If he is correct, may God save all of the baffled motorists in America who now will be driving behind bumper stickers announcing the new rallying cry of the super SUV owners: SUPPORT BUSH: HELP ON THE RED!
The country has acquired a sort of stupefied tolerance of Dubya’s odd adventures in the English language. This is a defensive response, something like the rabbits’ hair turning white in the winter. Moreover, when he’s on the stump the guy has a stake in coming over as Plain George, pal of the people, teaching them what his handlers call “appropriate” political ideas, coming to you from the friendly professor in cowboy boots.
It sells to a lot of people. So does the organized defamation of war heroes in election campaigns, followed by prayer breakfasts.

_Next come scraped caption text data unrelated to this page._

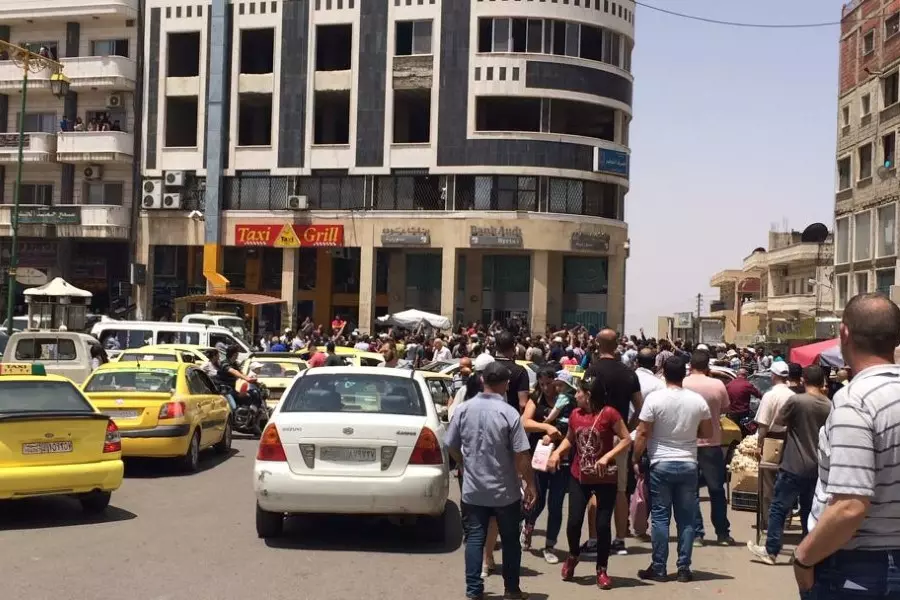 لليوم الثاني.. مظاهرات مستمرة في السويداء تطالب بإسقاط الأسد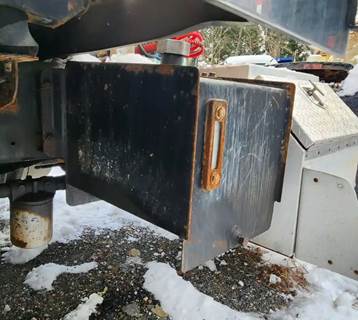 Mack Pinnacle CHU613 Hydraulic Tank for a 2013 Mack CHU613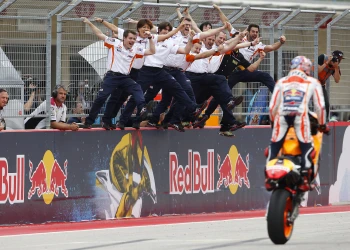 Marquez consiguió una impresionante victoria, y Pedrosa se fue al suelo luchando por el podium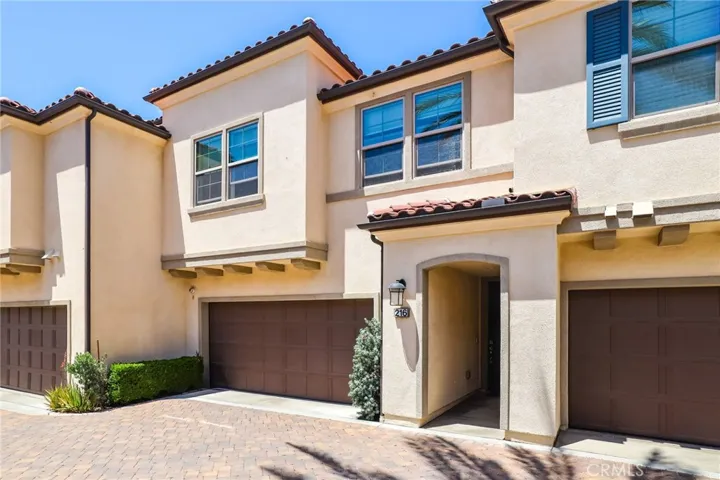 216 Finch, Lake Forest, California 92630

With this crowd, there is no guiding standard of political honesty. Laughing at his own mangled English gets to be part of Bush’s appeal to people who don’t mind being deceived, because it is after all “our guy” who’s doing the peddling.

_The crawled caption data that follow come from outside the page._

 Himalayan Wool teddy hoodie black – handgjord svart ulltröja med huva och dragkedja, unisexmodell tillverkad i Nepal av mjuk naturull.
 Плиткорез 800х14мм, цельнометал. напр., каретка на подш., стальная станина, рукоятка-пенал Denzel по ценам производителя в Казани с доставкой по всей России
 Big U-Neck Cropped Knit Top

But those “appropriate” political and fiscal ideas he’s fronting include stripping the political landscape in America of all meaningful resistance.

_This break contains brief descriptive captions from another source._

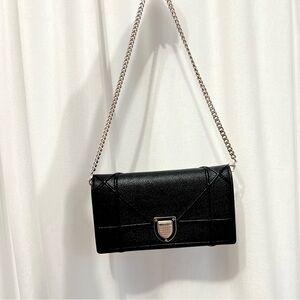 Dior Dioriama wallet on chain shoulder bag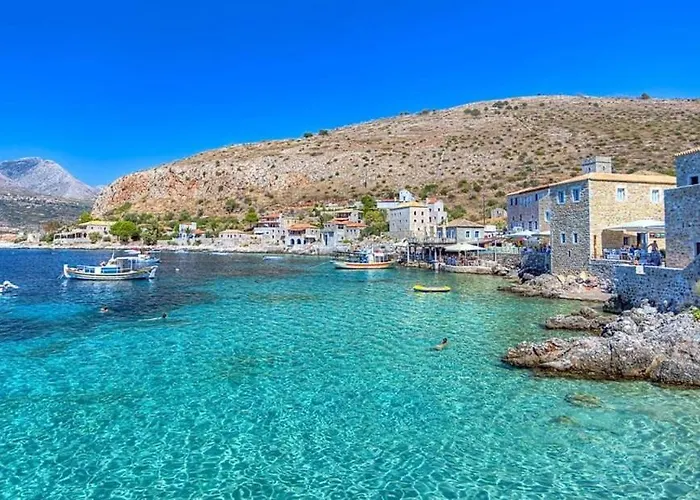 Selinitsa Stone - Mani's Private Pool Retreat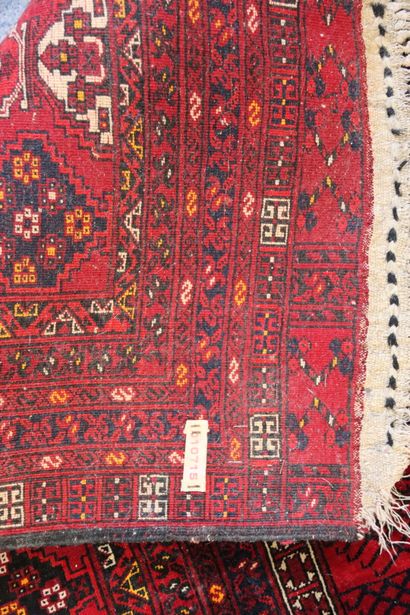 Original et grand tapis Afghan. Vers 1970....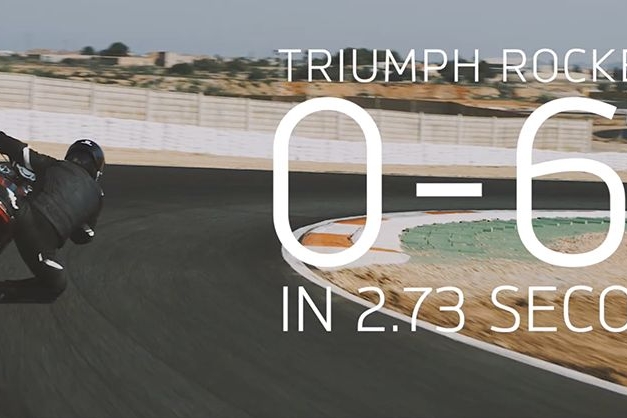 直线对决！0-96km/h加速2.73秒，凯旋Rocket 3 R加速快过迈凯伦超跑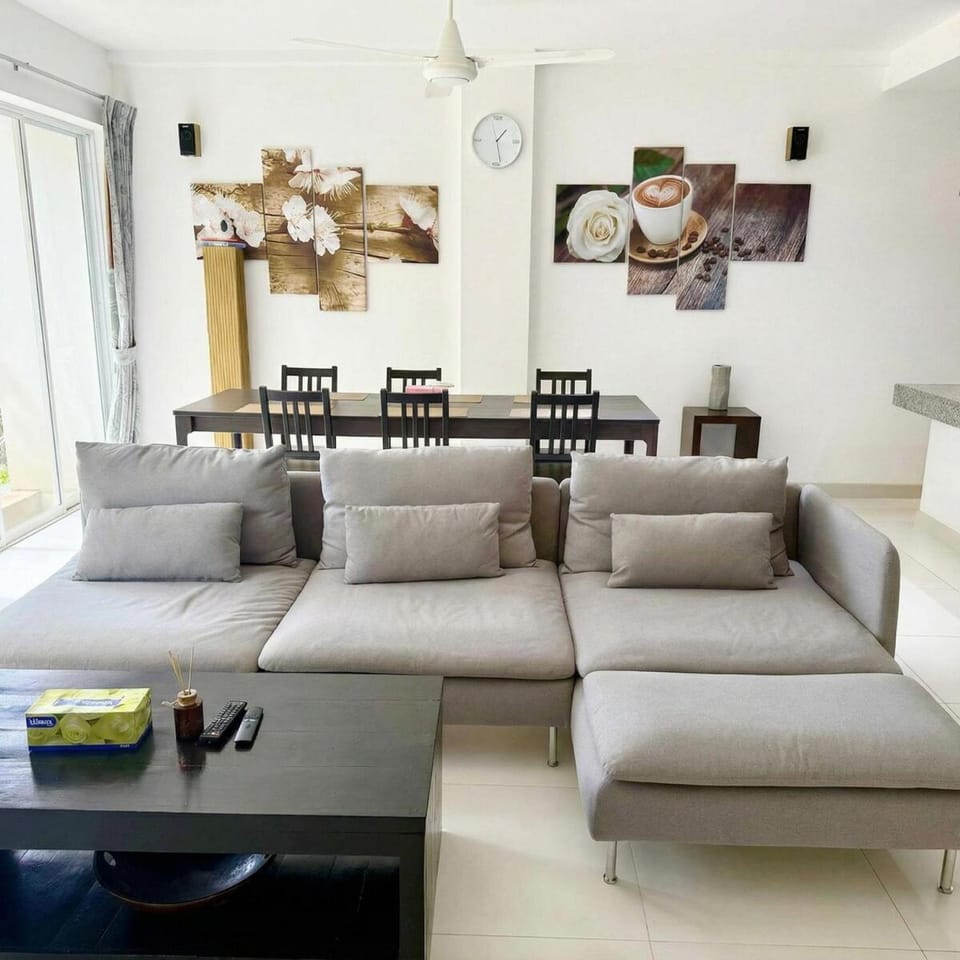 Kamala Hills Ocean Breeze 3 Bedroom Loft with Access to 3 Pools Apartment in Kamala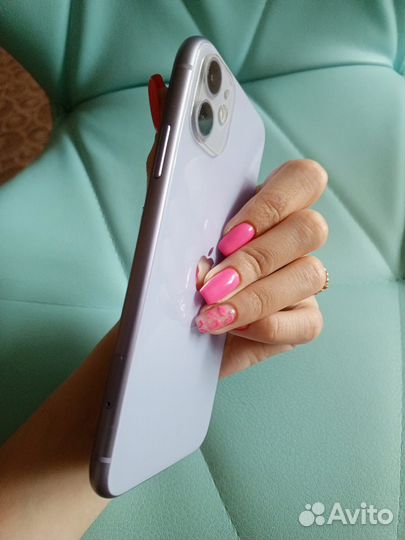 Телефон iPhone 11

It means packing the federal courts with right wing lifetime appointees so odorous and dangerous to traditional human and civil rights in America that the Bush government is now seriously considering destroying the filibuster as a minority tool to defend its ground.
It means tightening the bankruptcy laws to appease the credit card industry, which got rich inviting gullible people to spend wildly and wants now to wring every available dime out of them until they go into begging or burglary. And if the customers lose their jobs to corporate consolidation or lose their pensions because they have no more negotiating power, tough. What should console them is that other and wealthier Americans, with a longer reach when they get into money troubles, can put their assets into a bank in the Caribbean. And their friends in Congress will say they never heard of those assets.
The accumulation of power began with the theft of the presidential election in 2000. It now has reached a level unprecedented in America history. It has created a partnership between the government and corporate power that has intimidated all but a handful of American newspapers and all of the American mainstream broadcast media. It has turned the once strong and dignified CNN into a nervous and embarrassing copy of the Republican propaganda agency of cable television, Fox News.
The loudly trumpeted social triumphs of prescription drugs for seniors in 2006 and the “No Child Left Behind” education law are turning out to be frauds. The Bush government lied about the cost of the Medicaid bill, now $700 billion instead of the advertised $400 billion and made it impossible for government agencies in the future to negotiate lower drug prices with the industry. Education in the states is worse today than it was because the unconscionable income tax cuts for millionaires stripped the federal budget available for schools and shifted the burden to the states, which are running out of money because of the tax cuts and the blood-letting in Iraq.
And now the president of the United States tells us we can cure the country’s Social Security problems by “solving the red.”
Yes, the red. The country’s once regal dollar is now tramping around the world, increasingly shunned by the money managers. “Solving the red” for the crowd in Washington means borrowing two trillion dollars more to underwrite the partial privatization of Social Security.
Each time you hear that kind of stirring wisdom from the White House, you’re reminded that we may be coming closer to what another president, coincidentally the founder of Social Security, called a day “that will live in infamy.”
The country overcame Pearl Harbor. It may take longer this time.